Niklas Häger
Selected engagements
01. Corporate
restructuring
Important lessons learned from the process.
Scope and size of the project:
50 FTE, revenue of approximately EUR 8 million, four months.
50 FTE
​Scope of project
EUR 8 MILLION
Revenue
4 MONTHS
Project Duration
Corporate Restructuring
Project Type
Challenge
A formal reconstruction is often the last available step before bankruptcy. It gives the company temporary protection, but it also creates a difficult operating environment.
Old debts are frozen. New commitments must be paid in cash. Suppliers become cautious. Customers ask questions. Employees need clarity. Unions, authorities, creditors, tax matters, media questions and operational risks all have to be handled at the same time.
The legal process also introduces new deadlines and dependencies. A reconstruction plan must be prepared with the administrator and approved by the court. Extensions must be justified. Cash control becomes immediate. Leadership must continue to run the business while confidence is under pressure.
Lesson
A formal reconstruction should not be the first option. Before entering a court-led process, management and owners should assess whether an out-of-court settlement is possible.

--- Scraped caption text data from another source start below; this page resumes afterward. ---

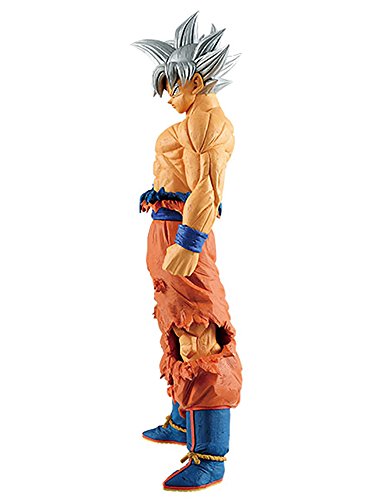 Son Goku - Migatte no Goku'i  - Grandista -Resolution of Soldiers- Dragon Ball Super - (Banpresto)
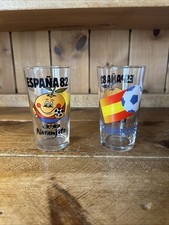 Vintage Naranjito World Cup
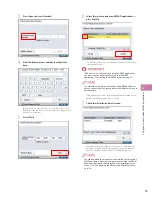 Preview for 57 page of Canon imageRUNNER ADVANCE C2020 Setup Manual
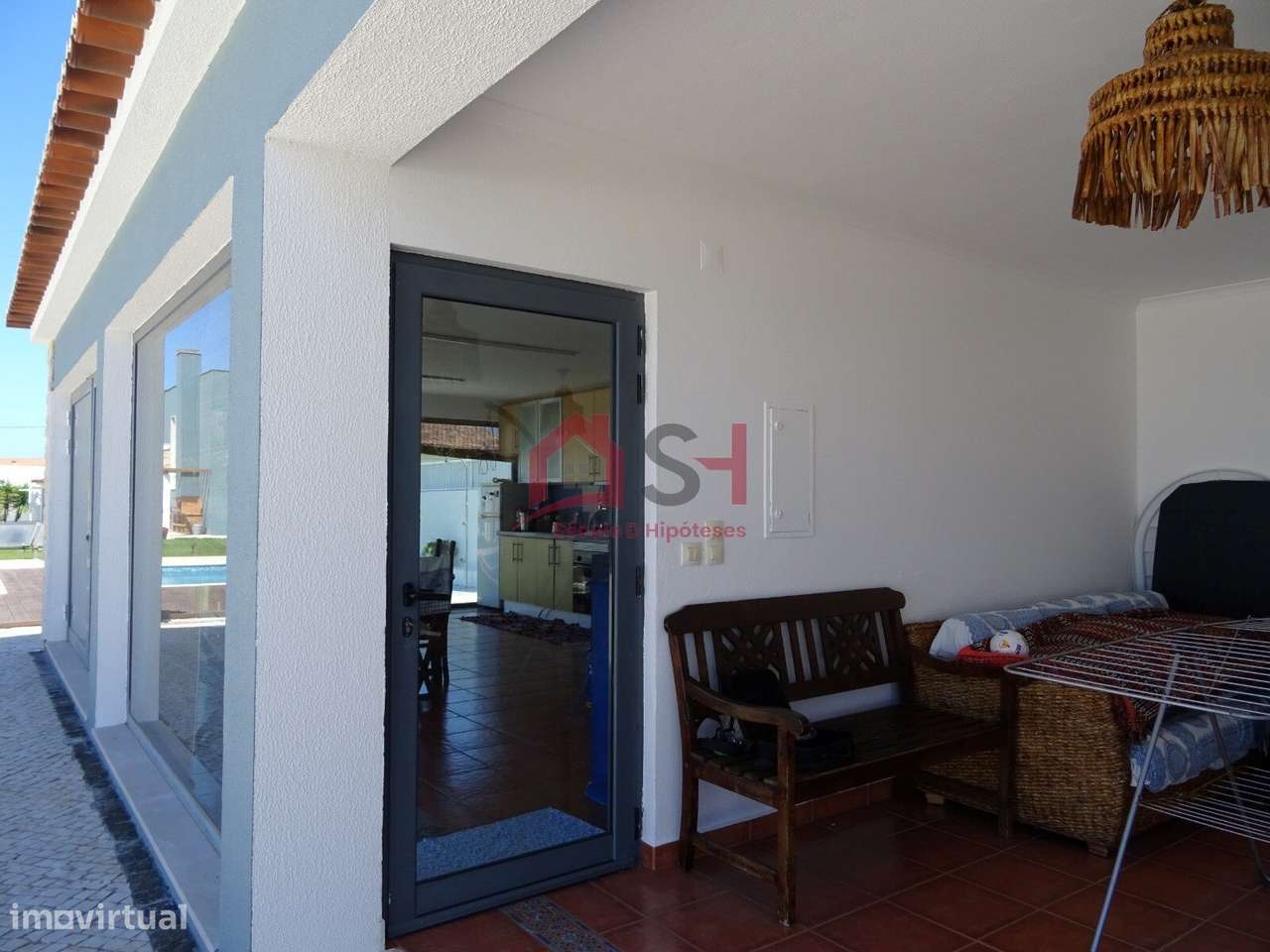 Quinta Exclusiva com Piscina e Mais de 3.700 m² em Assafora-38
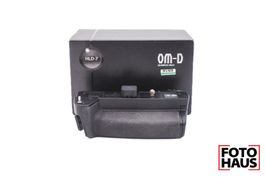 Olympus HLD-7 Power Battery Holder für OM-D E-M1 Kamera 0769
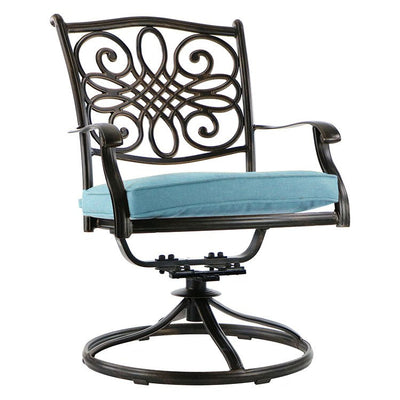 Traditions Seven-Piece Dining Set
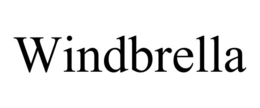 WINDBRELLA trademark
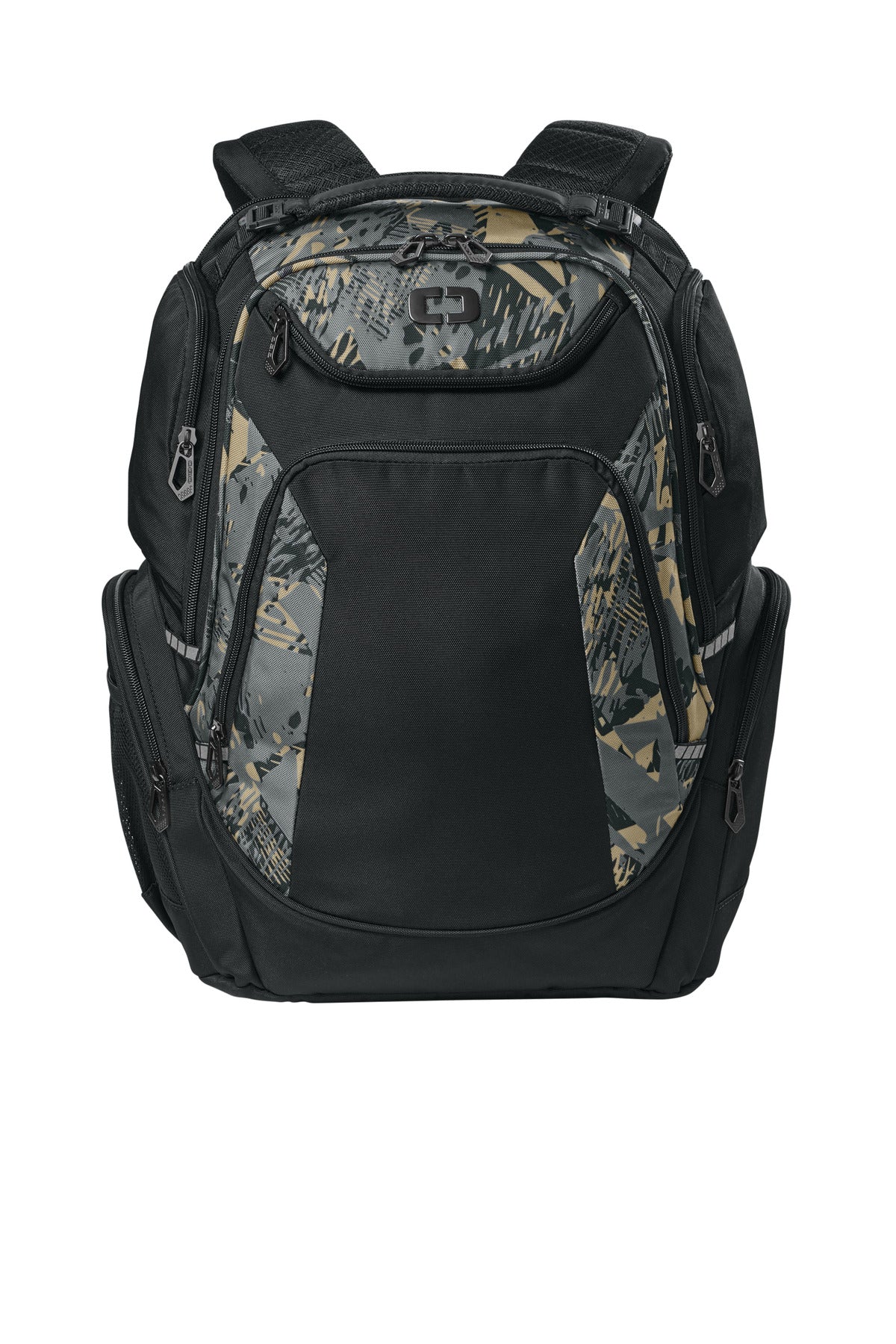 OGIO 91030 Kinetic Everyday Backpack with Laptop Compartment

With the right preparation, creditor dialogue and external support, an informal settlement can often be faster, more discreet and significantly less costly than a formal legal process.

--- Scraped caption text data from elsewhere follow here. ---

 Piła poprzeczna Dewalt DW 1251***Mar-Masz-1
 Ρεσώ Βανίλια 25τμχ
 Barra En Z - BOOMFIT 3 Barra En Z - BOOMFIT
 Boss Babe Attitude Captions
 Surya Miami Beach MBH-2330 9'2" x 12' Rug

If reconstruction becomes unavoidable, funding must be secured before the process starts, or at least be close to secured. The board must understand its legal position. Tax debts, wage guarantees, supplier exposure and liquidity must be controlled from the first day.
The reconstructionist matters. So does the operational team around the company. Legal protection alone does not save a business. The company still needs leadership, cash discipline, supplier management and a credible operating plan.
A proper due diligence must also look beyond the operating company. It should include the parent company, the capital structure, ownership interests and the real financial capacity behind the business.
Final reflection
In restructuring work, trust is necessary, but control is stronger. When invoices are not paid on time, even strong products and capable teams are no longer enough. Cash behaviour tells the truth before the formal reports do.